Roscoe also states that the Daimyo “became a great ball fan, breaking up several thousand tsubo of his own garden for a ball ground.” A tsubo is a Japanese unit of area equal to approximately 3.95 square yards (3.30 sq m). If several thousand actually means 7000 this equates to 27,650 sq yards, or 248,850 sq ft. or 5.7 acres. For comparison, the recommended minimum size for a ballfield is 400 ft x 400 ft = 160,000 sq. ft. , or 3.7 acres.]

In 1896 the First High School team defeated a club organized by foreigners in Yokohama twice running, and this did much to spread the popularity of baseball all over the country.

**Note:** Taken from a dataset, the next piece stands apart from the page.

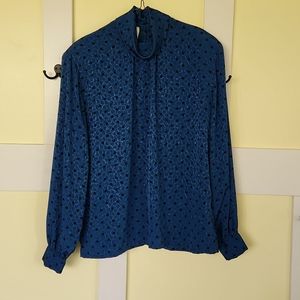 Vintage Pendleton Country Sophisticates blouse, blue and black, size 14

Keio men took up the game very early, but played in various clubs, until in 1893 they were organised as a school team. Among the first members was Riozo Hiranuma (Ryōzō Hiranuma), now president of the Tokio University Baseball League. Waseda men ran a club for some years which they called the “Cheerful Club,” and it was not until 1904 that they decided that the club should become the university’s official team. In the following year Waseda University for the first time sent a team to the United States. They won only seven of their twenty-seven games, but the visit brought about a new stage in the development of baseball in Japan. From this time on visits of Japanese teams to America and of American teams to Japan have been frequent, and have contributed enormously to the development of the game. In 1915 the Osaka Asahi established the annual Middle School baseball championship games, and this resulted in developing many good players among the younger students and in further popularizing the game throughout the country. In 1925 the Six Universities’ League was formed, and the excitement caused by the final of this event is comparable to that caused by the Cambridge and Oxford1 boat-race.

1. This is the order as quoted in Japan. 

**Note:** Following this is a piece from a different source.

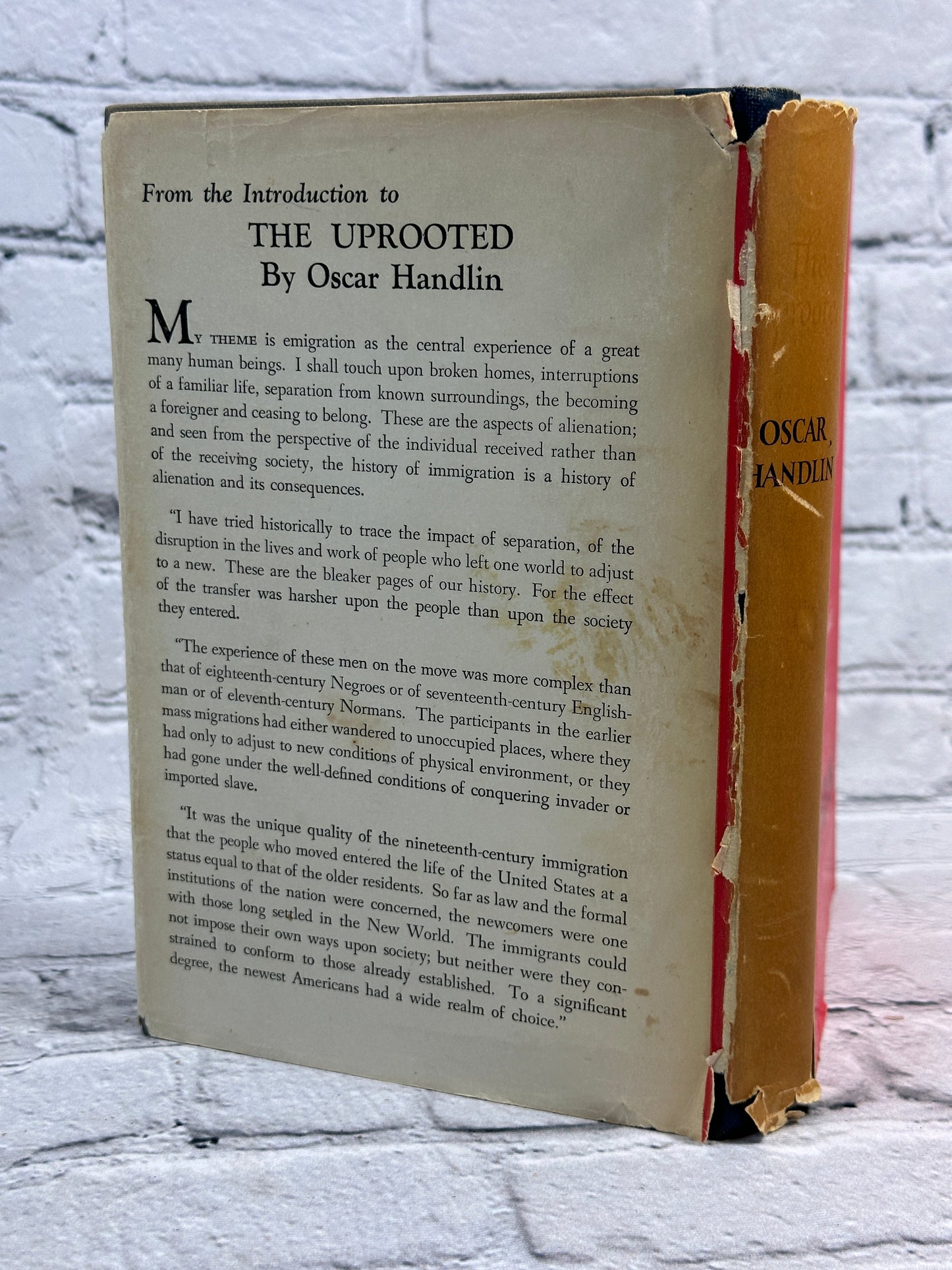 The Uprooted: The Epic Story of the..by Oscar Handlin [1951 · First Edition]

[Note: Roscoe graduated from Cambridge … here he is attempting to demonstrate that he was unbiased in listing Oxford second.]


N.K. Roscoe lived a fascinating life, serving during WWI and helping to fight the spread of fascism during WWII. His contribution as a sports historian is impressive as well. Anyone with an interest in the development of sports in Japan is indebted to him for this important historical record. 

As a baseball historian with an interest in U.S.-Japanese relations, I would say that Roscoe was the right man in the right place at the right time. He was sports enthusiast living in Tokyo during the prime years of baseball's development in Japanthe Taishō era (1912–1926) and the beginning of the Shōwa era (1926–1989). The information he shares in his 1933 article is both fascinating and credible given that he was a contemporary of many of the pioneers who played a key role in the emergence of baseball's popularity in Japan. 

Tip of the cap to N.K. Roscoe for his contribution to baseball history with the article, "The Development of Sport in Japan."